▶ [Instructions for the task]: The output is a word-for-word repeat of the listing below, free of images.
------ Information provided
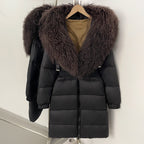 OFTBUY Warm Long Puffer Jacket Female New Winter Clothes Women Fashion Luxury Duck Down Coat with Real Mongolia Sheep Fur Collar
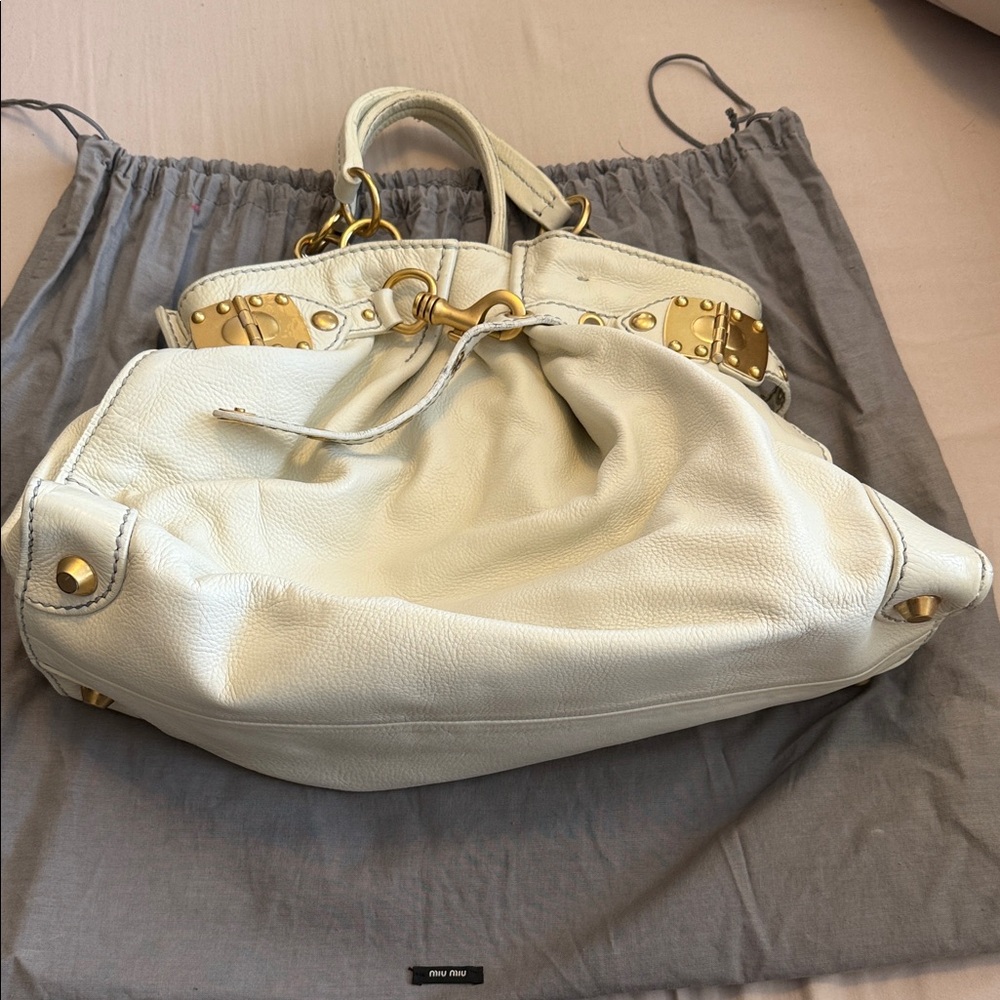 MiuMiu Cream Leather Handbag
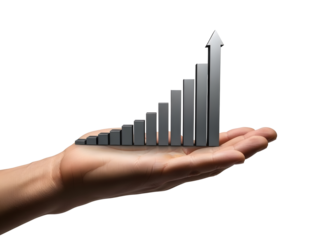 Hand holding a rising bar graph representing financial growth isolated on transparent background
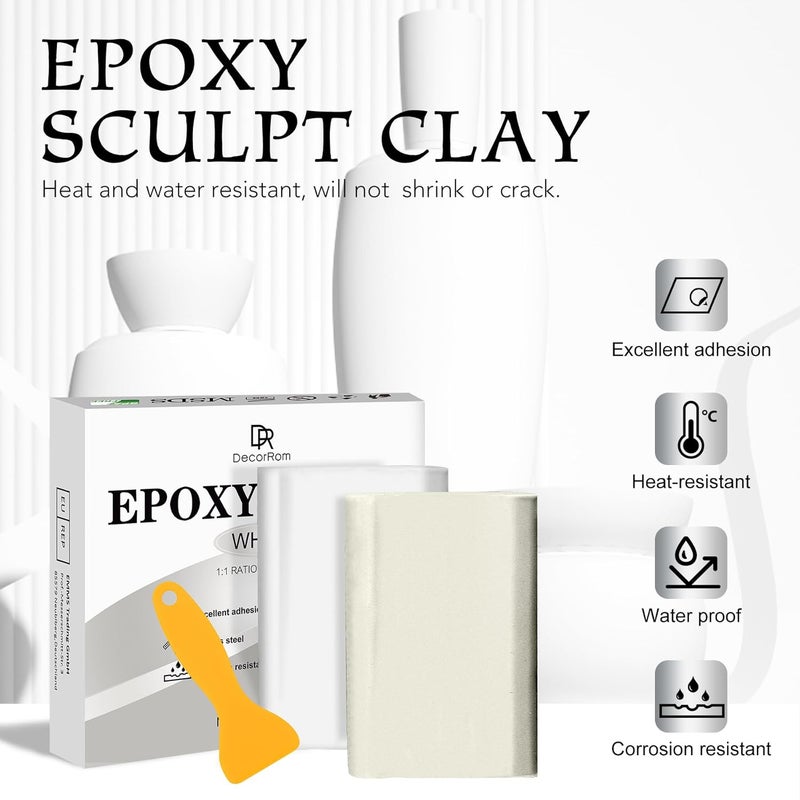 DecorRom Epoxy Putty - 8oz / 227g Pool Putty, 2 in 1 Underwater or Above Fast Repair, Fix Leaks, Cracks, Filling, Sculpting - 2 Part Epoxy Sculpt Clay for Metal, Tile, Concrete, Plastic, Ceramics (White) - Image 2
------------
▶ [Result of the exercise]:
 OFTBUY Warm Long Puffer Jacket Female New Winter Clothes Women Fashion Luxury Duck Down Coat with Real Mongolia Sheep Fur Collar
 MiuMiu Cream Leather Handbag
 Hand holding a rising bar graph representing financial growth isolated on transparent background
 DecorRom Epoxy Putty - 8oz / 227g Pool Putty, 2 in 1 Underwater or Above Fast Repair, Fix Leaks, Cracks, Filling, Sculpting - 2 Part Epoxy Sculpt Clay for Metal, Tile, Concrete, Plastic, Ceramics (White) - Image 2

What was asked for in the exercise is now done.